*** Begin section ***
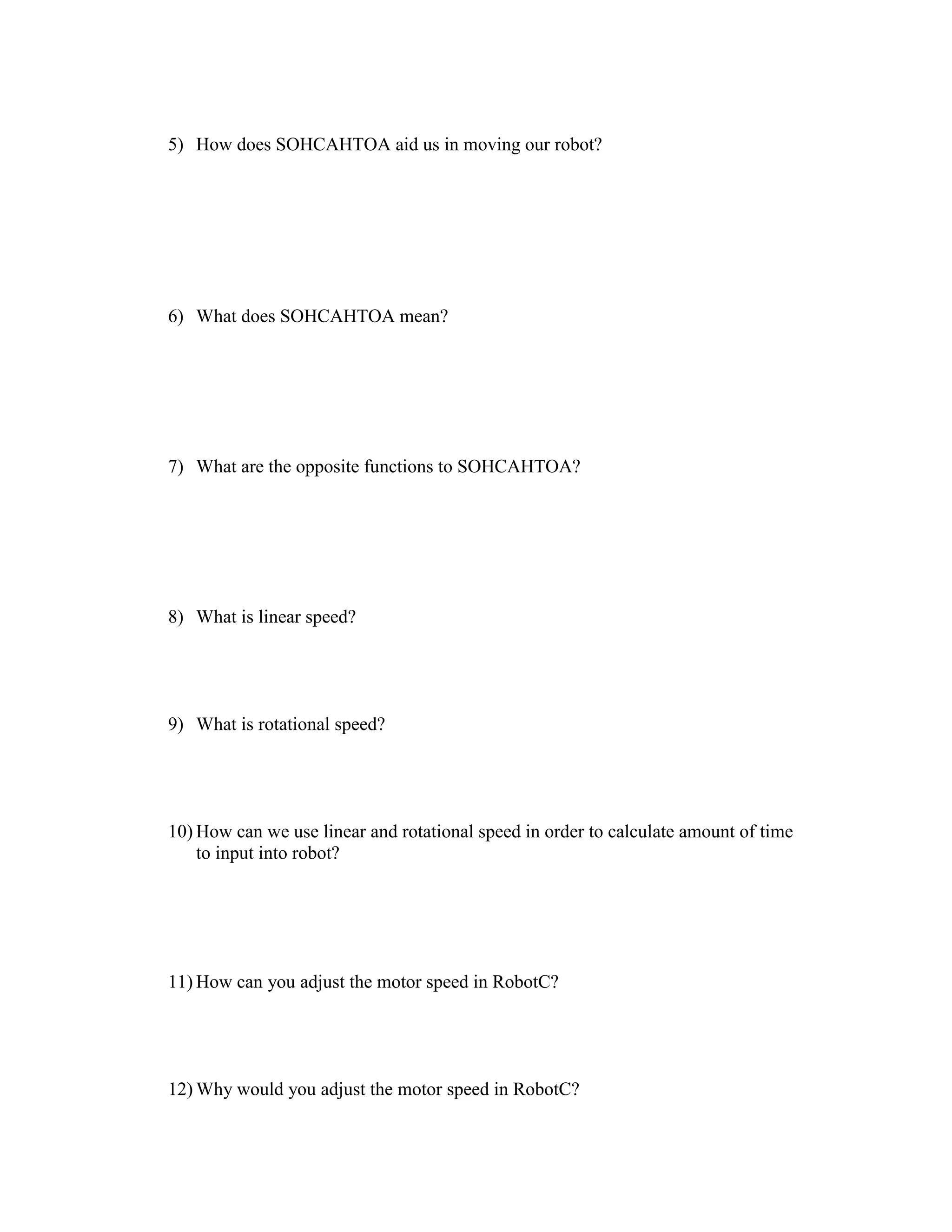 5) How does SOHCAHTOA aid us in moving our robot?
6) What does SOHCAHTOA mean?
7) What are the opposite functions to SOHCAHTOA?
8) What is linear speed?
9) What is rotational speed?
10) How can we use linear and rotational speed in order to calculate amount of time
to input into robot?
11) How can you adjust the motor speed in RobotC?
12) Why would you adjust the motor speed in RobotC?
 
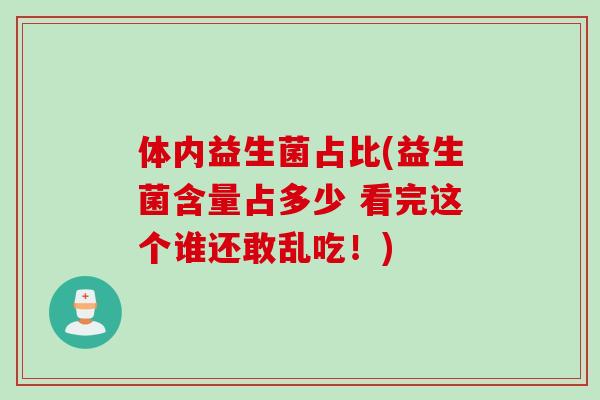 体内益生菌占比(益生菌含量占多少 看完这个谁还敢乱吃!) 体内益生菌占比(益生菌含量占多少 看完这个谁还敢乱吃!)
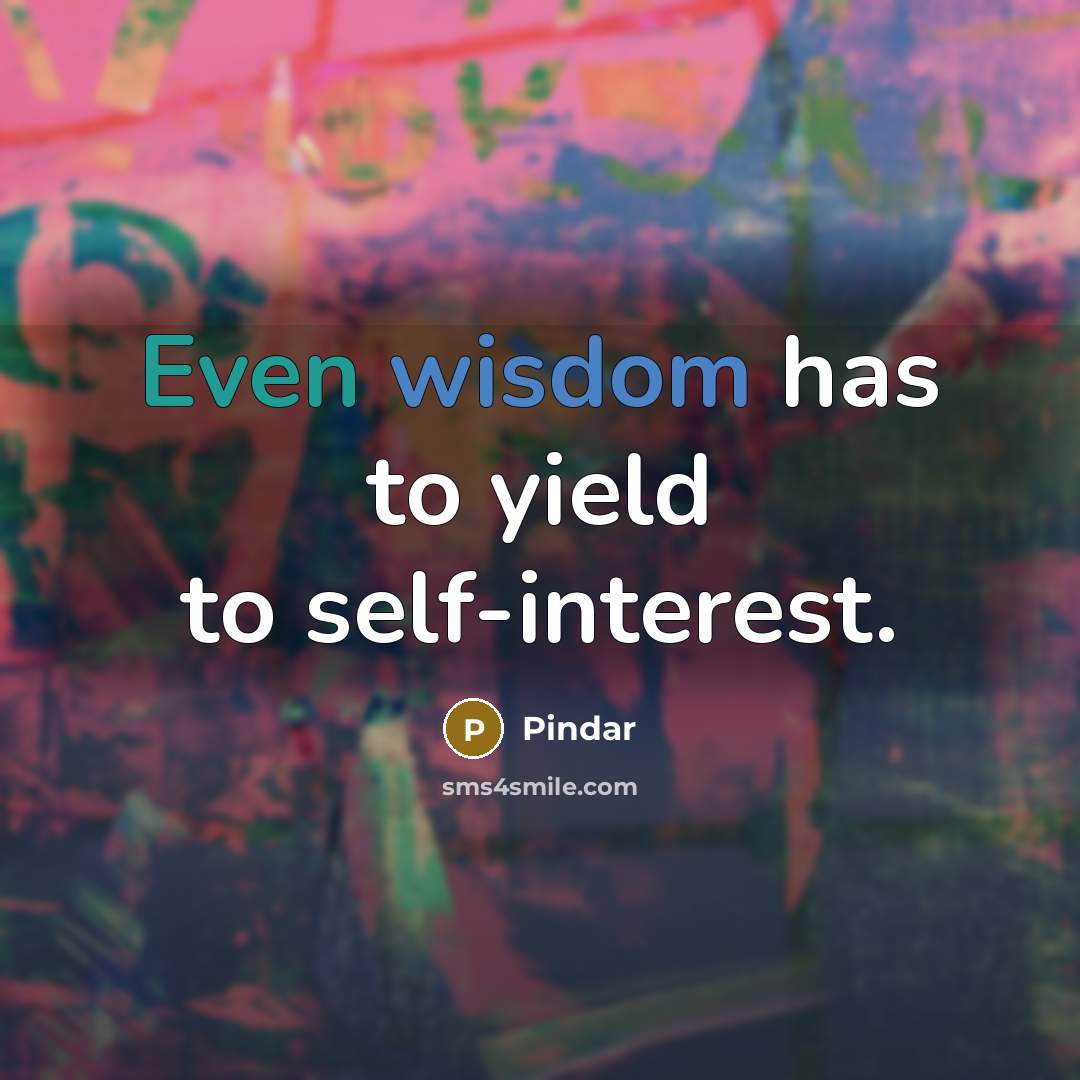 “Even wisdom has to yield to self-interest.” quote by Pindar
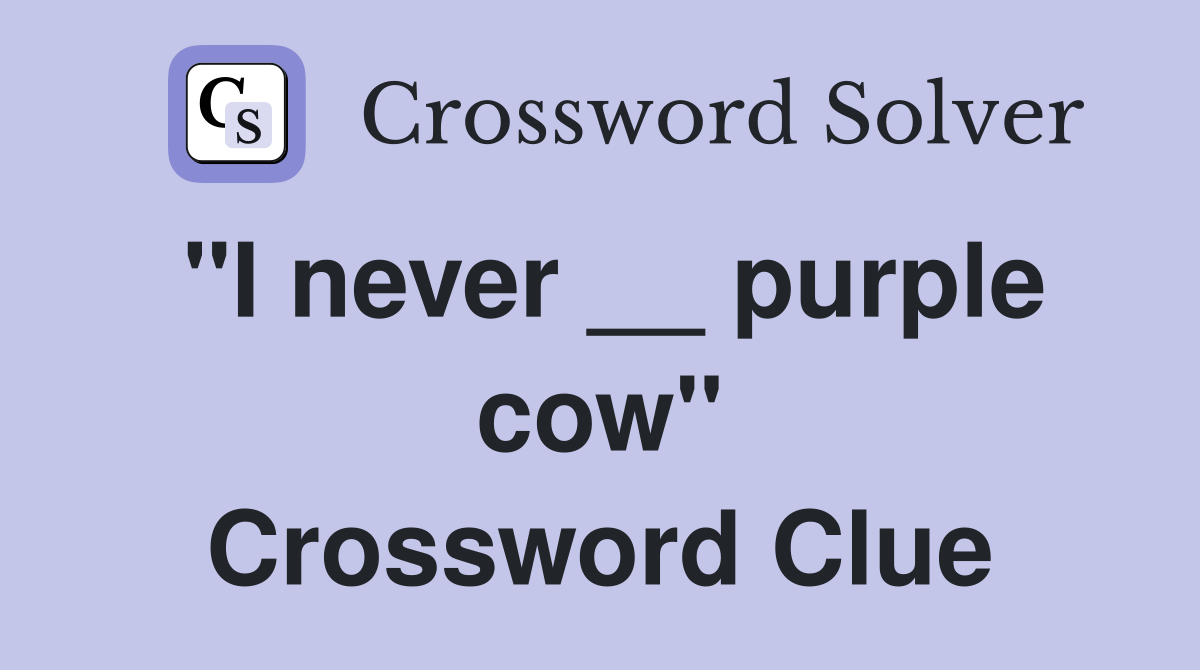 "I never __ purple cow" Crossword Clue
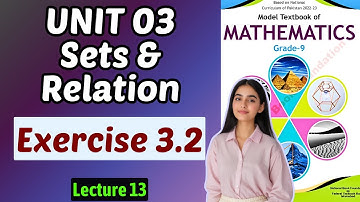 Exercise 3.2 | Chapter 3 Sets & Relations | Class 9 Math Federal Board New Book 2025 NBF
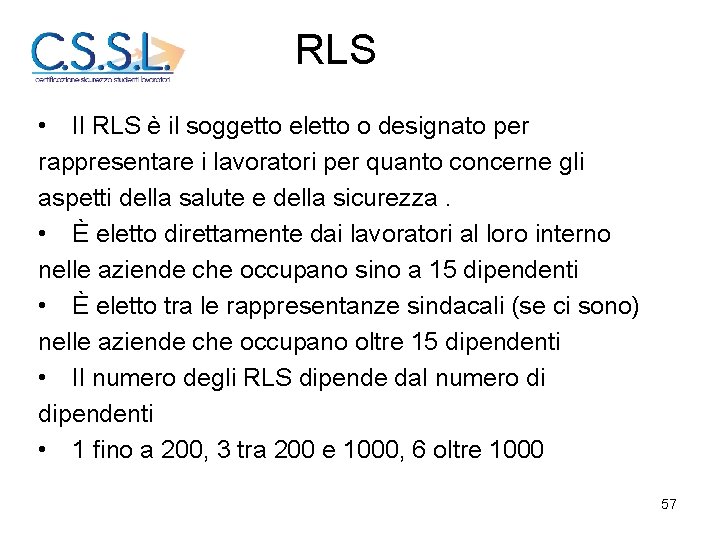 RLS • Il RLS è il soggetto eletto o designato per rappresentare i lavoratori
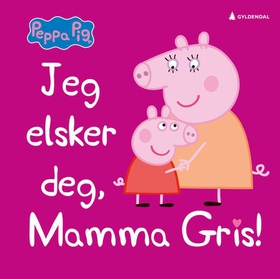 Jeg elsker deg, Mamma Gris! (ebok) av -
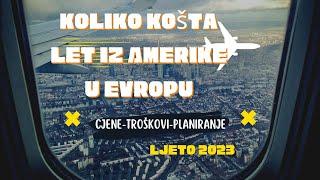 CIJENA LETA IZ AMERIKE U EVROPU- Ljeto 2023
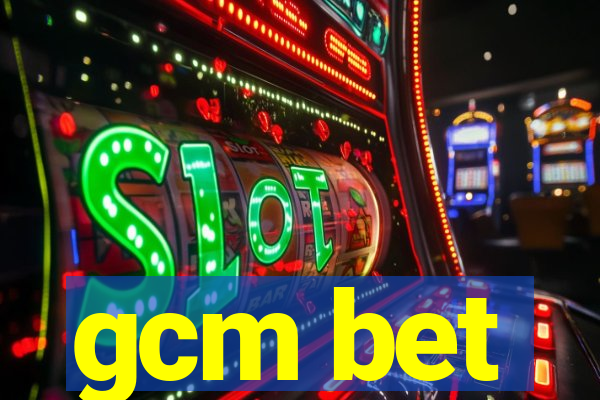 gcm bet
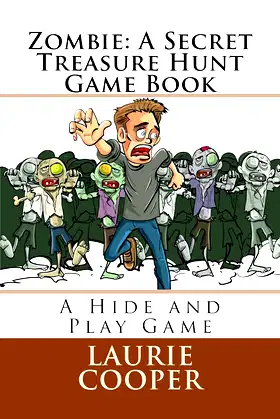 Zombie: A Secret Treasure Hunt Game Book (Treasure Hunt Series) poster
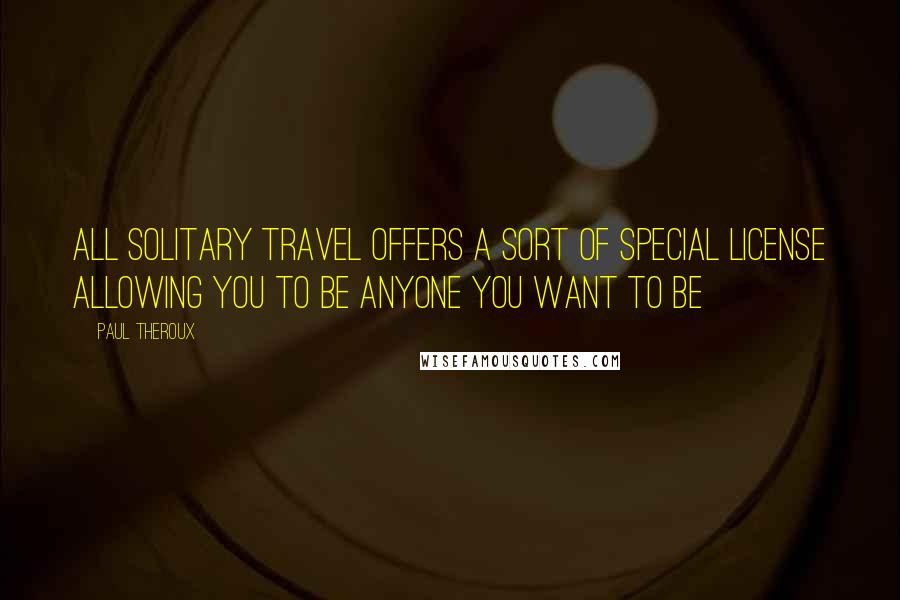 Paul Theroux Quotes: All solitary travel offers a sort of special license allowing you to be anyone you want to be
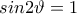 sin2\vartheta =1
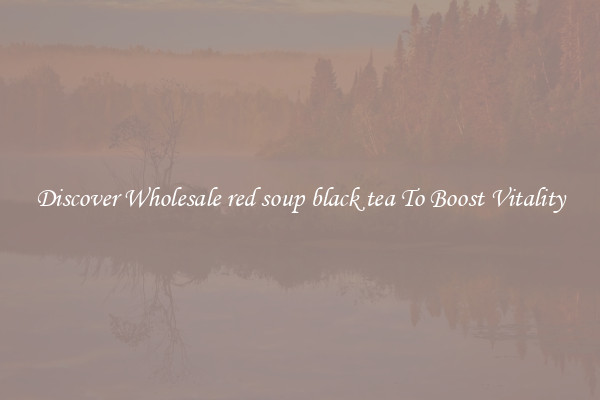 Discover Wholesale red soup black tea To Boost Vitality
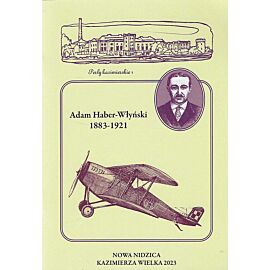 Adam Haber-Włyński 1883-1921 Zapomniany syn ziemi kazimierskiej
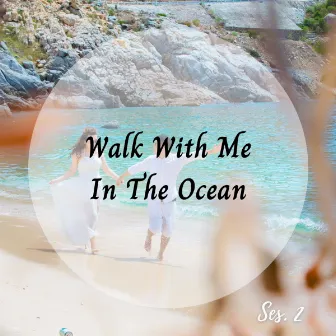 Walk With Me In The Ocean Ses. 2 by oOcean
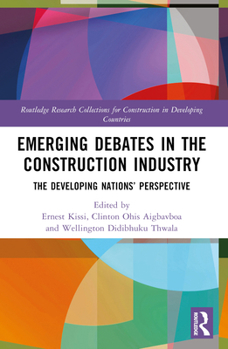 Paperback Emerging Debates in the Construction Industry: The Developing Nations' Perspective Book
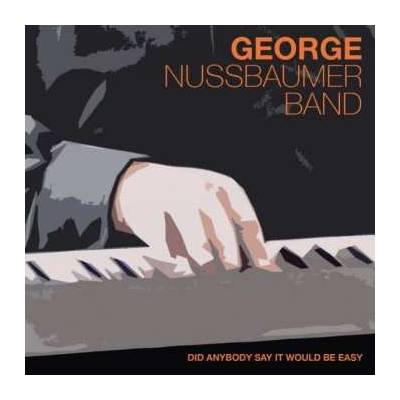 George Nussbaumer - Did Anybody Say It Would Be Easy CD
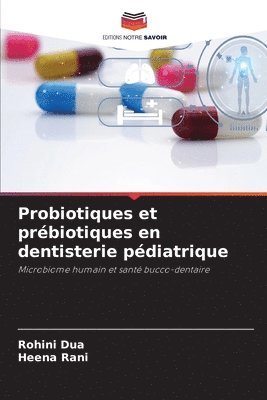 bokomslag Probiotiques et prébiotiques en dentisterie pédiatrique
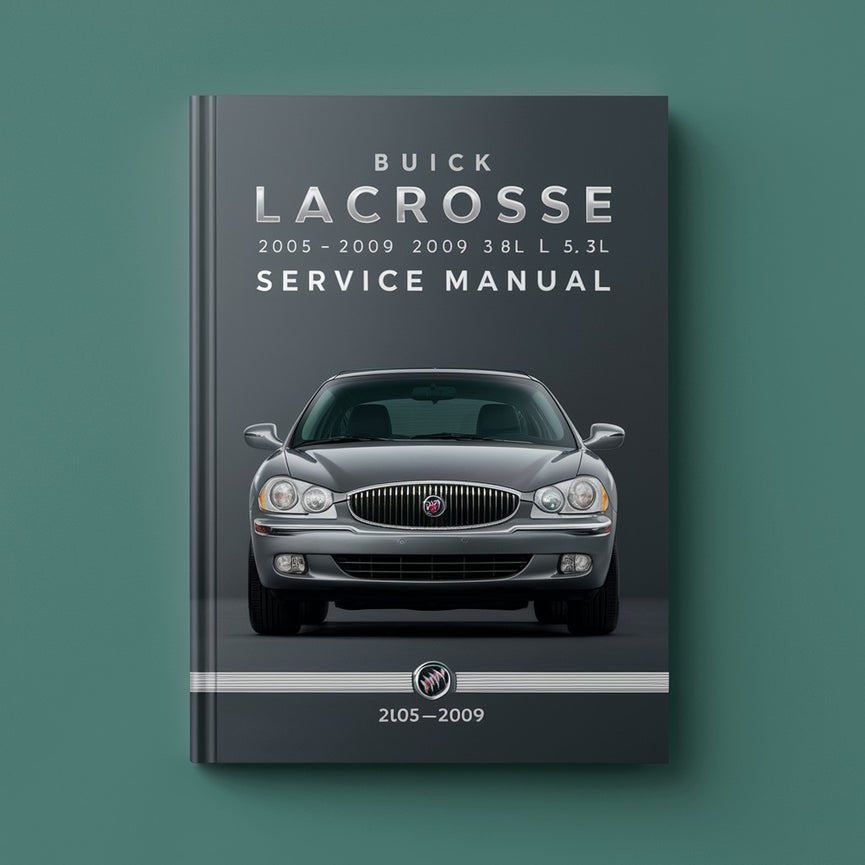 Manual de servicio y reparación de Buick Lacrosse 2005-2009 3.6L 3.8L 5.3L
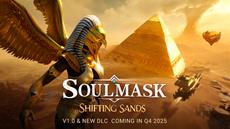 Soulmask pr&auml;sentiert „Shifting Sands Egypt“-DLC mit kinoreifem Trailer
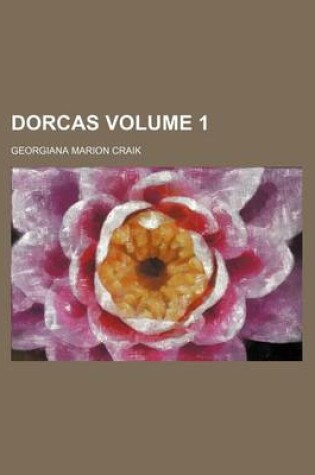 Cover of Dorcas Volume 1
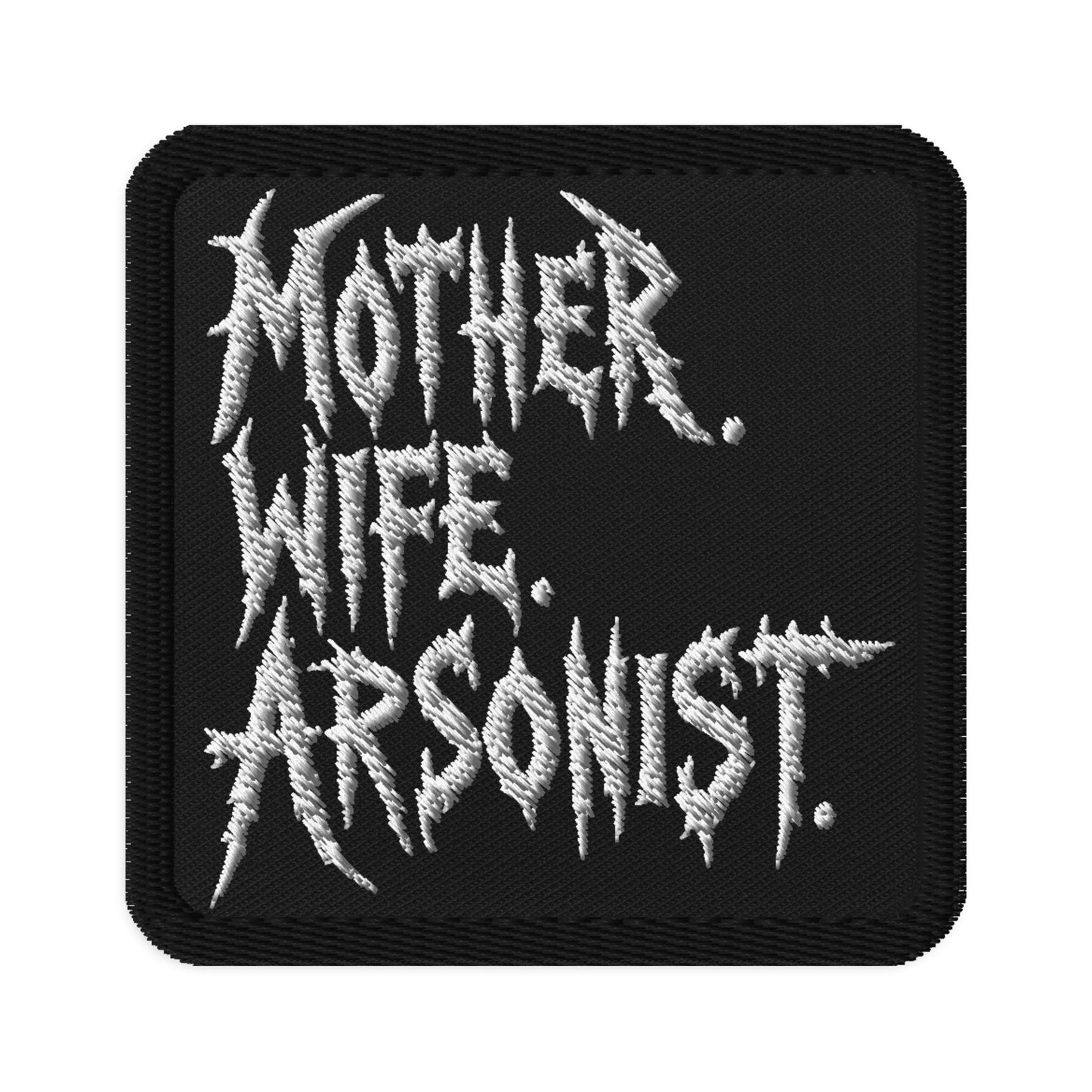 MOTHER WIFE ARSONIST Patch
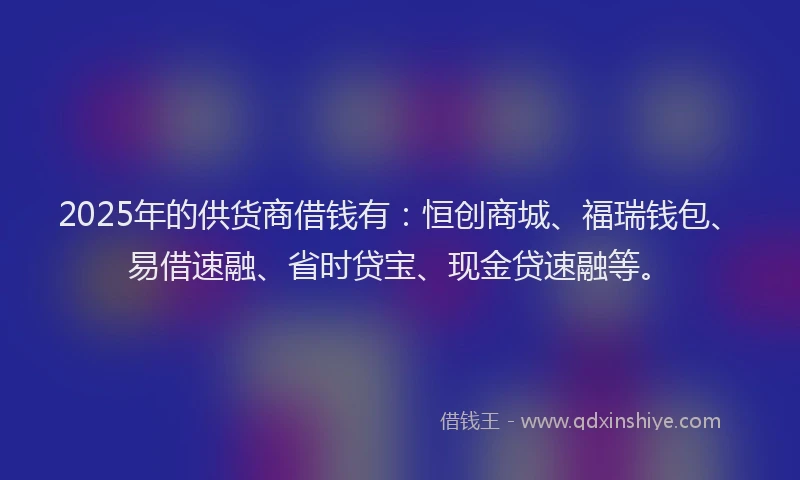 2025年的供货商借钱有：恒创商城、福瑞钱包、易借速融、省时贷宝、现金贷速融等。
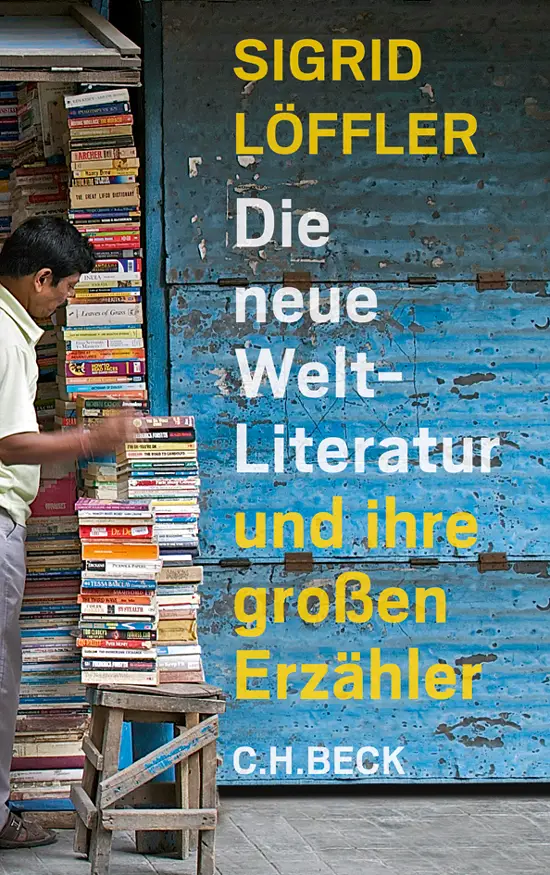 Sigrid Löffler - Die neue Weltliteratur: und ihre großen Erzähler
*** End section ***
Task requirements » Without the pictures, set down every entry exactly.

Task answer »
 5) How does SOHCAHTOA aid us in moving our robot?
6) What does SOHCAHTOA mean?
7) What are the opposite functions to SOHCAHTOA?
8) What is linear speed?
9) What is rotational speed?
10) How can we use linear and rotational speed in order to calculate amount of time
to input into robot?
11) How can you adjust the motor speed in RobotC?
12) Why would you adjust the motor speed in RobotC?
 
 体内益生菌占比(益生菌含量占多少 看完这个谁还敢乱吃!) 体内益生菌占比(益生菌含量占多少 看完这个谁还敢乱吃!)
 “Even wisdom has to yield to self-interest.” quote by Pindar
 "I never __ purple cow" Crossword Clue
 Exercise 3.2 | Chapter 3 Sets & Relations | Class 9 Math Federal Board New Book 2025 NBF
 RLS • Il RLS è il soggetto eletto o designato per rappresentare i lavoratori
 Jeg elsker deg, Mamma Gris! (ebok) av -
 CIJENA LETA IZ AMERIKE U EVROPU- Ljeto 2023
 gcm bet
 Zombie: A Secret Treasure Hunt Game Book (Treasure Hunt Series) poster
 Paul Theroux Quotes: All solitary travel offers a sort of special license allowing you to be anyone you want to be
 sin2\vartheta =1
 Discover Wholesale red soup black tea To Boost Vitality
 Adam Haber-Włyński 1883-1921 Zapomniany syn ziemi kazimierskiej
 Walk With Me In The Ocean Ses. 2 by oOcean
 Paperback Emerging Debates in the Construction Industry: The Developing Nations' Perspective Book
 George Nussbaumer - Did Anybody Say It Would Be Easy CD
 bokomslag Probiotiques et prébiotiques en dentisterie pédiatrique
 Manual de servicio y reparación de Buick Lacrosse 2005-2009 3.6L 3.8L 5.3L
 Soulmask pr&auml;sentiert „Shifting Sands Egypt“-DLC mit kinoreifem Trailer
 Cover of Dorcas Volume 1
 MOTHER WIFE ARSONIST Patch
 2025年的供货商借钱有：恒创商城、福瑞钱包、易借速融、省时贷宝、现金贷速融等。
 Sigrid Löffler - Die neue Weltliteratur: und ihre großen Erzähler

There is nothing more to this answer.